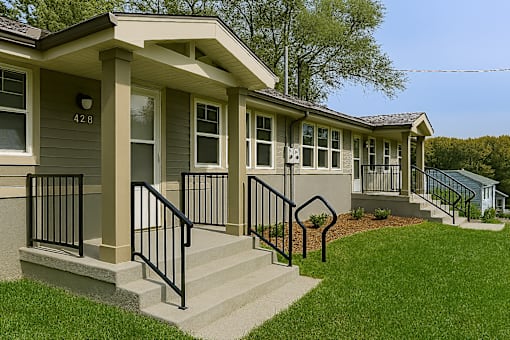 A house with a grey front and a black railing.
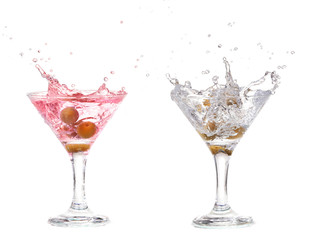 Splash from olive in a glass of cocktail, isolated on  white 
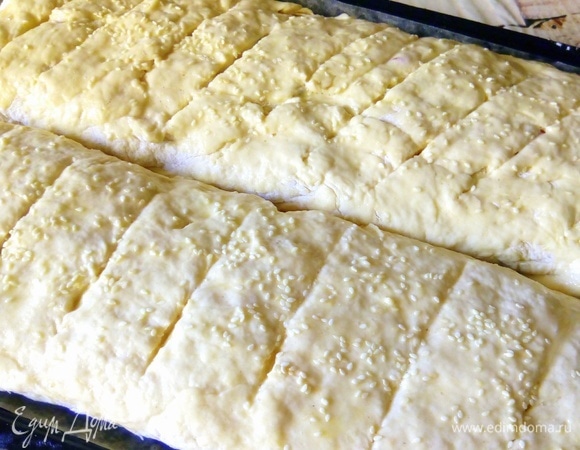 Выкладываем батоны на противень, застеленный пергаментной бумагой. Сверху делаем надрезы ножом. Смазываем батоны взбитым яйцом, посыпаем сверху кунжутом.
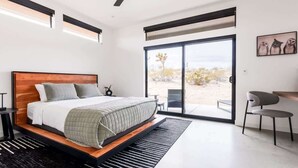 A modern bedroom with a large bed, a ceiling fan, a sliding glass door to a patio, and a small seating area.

.....

Print out the material verbatim, skipping pictures.

Written solution
 A house with a grey front and a black railing.
 Splash from olive in a glass of cocktail, isolated on  white 
 Выкладываем батоны на противень, застеленный пергаментной бумагой. Сверху делаем надрезы ножом. Смазываем батоны взбитым яйцом, посыпаем сверху кунжутом.
 A modern bedroom with a large bed, a ceiling fan, a sliding glass door to a patio, and a small seating area.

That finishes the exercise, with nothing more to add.